** DATA TO PROCESS **
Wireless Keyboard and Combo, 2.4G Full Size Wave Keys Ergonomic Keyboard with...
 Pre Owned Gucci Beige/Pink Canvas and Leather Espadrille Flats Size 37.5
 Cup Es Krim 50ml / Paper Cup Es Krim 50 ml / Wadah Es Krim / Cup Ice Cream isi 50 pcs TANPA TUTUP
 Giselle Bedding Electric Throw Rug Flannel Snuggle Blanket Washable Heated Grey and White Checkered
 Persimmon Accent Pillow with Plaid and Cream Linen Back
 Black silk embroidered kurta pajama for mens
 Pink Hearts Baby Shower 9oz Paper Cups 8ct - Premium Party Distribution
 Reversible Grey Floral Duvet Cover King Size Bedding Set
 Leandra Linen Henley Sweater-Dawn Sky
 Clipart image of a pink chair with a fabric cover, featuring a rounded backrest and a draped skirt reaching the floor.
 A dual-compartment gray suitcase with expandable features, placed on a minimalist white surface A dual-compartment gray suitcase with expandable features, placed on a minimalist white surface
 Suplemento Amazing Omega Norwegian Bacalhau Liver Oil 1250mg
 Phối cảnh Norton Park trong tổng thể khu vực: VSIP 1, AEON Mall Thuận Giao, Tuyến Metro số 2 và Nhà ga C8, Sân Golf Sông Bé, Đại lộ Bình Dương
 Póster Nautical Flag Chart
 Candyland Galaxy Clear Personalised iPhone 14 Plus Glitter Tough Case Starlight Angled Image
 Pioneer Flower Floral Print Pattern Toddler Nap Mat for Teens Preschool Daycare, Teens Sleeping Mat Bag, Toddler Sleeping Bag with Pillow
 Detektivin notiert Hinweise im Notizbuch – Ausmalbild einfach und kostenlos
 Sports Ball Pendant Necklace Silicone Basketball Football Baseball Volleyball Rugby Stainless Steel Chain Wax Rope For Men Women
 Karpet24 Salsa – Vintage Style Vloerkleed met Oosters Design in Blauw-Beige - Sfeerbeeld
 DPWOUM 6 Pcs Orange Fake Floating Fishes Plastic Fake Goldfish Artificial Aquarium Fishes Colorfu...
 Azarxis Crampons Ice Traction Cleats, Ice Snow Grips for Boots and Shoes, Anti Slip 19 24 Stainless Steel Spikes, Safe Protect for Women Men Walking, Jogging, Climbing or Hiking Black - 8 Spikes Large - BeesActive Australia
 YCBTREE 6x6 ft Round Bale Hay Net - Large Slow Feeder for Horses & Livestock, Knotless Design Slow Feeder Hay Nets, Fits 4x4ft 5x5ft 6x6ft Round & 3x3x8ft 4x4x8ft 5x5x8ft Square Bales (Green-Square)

** WHAT YOU HAVE TO DO **
Among the lines in the material above, some may hold "Floral". State how many do, and add nothing.

** ANSWER TO THIS TASK **
2